Action item » Please give back word for word the lines below, from the first one through the one with "Nashville Tennessee Skyline".

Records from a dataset
§ §
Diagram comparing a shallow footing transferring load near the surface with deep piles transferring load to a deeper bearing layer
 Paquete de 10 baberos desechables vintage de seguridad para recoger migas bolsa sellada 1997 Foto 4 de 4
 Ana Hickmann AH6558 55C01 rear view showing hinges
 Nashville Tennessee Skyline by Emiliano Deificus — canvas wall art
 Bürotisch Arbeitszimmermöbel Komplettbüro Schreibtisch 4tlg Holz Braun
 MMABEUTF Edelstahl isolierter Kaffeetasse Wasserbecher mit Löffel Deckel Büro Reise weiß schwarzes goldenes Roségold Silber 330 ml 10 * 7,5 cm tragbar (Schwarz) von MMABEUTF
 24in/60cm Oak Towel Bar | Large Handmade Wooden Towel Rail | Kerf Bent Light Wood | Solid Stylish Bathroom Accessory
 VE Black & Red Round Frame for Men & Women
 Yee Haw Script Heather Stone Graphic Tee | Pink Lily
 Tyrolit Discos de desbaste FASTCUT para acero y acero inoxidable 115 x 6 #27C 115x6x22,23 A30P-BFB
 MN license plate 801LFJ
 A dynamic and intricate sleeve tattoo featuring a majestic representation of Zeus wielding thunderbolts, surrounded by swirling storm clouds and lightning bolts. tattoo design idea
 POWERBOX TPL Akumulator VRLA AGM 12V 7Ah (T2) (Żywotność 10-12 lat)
§ §
Task output »
Diagram comparing a shallow footing transferring load near the surface with deep piles transferring load to a deeper bearing layer
 Paquete de 10 baberos desechables vintage de seguridad para recoger migas bolsa sellada 1997 Foto 4 de 4
 Ana Hickmann AH6558 55C01 rear view showing hinges
 Nashville Tennessee Skyline by Emiliano Deificus — canvas wall art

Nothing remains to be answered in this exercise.